▸ **What is needed**
Exact copies of the lines from the line containing "Floral Easter Bunny Coaster thumb 0" through the last line of the entries below are the whole answer.

▸ **Entries provided**
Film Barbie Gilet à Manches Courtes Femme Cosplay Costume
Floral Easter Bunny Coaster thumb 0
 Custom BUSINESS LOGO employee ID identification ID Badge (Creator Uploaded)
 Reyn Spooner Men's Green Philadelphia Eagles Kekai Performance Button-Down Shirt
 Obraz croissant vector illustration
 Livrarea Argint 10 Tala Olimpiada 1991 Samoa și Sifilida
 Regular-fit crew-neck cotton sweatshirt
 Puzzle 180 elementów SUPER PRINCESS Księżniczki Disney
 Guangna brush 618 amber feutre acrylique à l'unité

▸ **Answer space**
Floral Easter Bunny Coaster thumb 0
 Custom BUSINESS LOGO employee ID identification ID Badge (Creator Uploaded)
 Reyn Spooner Men's Green Philadelphia Eagles Kekai Performance Button-Down Shirt
 Obraz croissant vector illustration
 Livrarea Argint 10 Tala Olimpiada 1991 Samoa și Sifilida
 Regular-fit crew-neck cotton sweatshirt
 Puzzle 180 elementów SUPER PRINCESS Księżniczki Disney
 Guangna brush 618 amber feutre acrylique à l'unité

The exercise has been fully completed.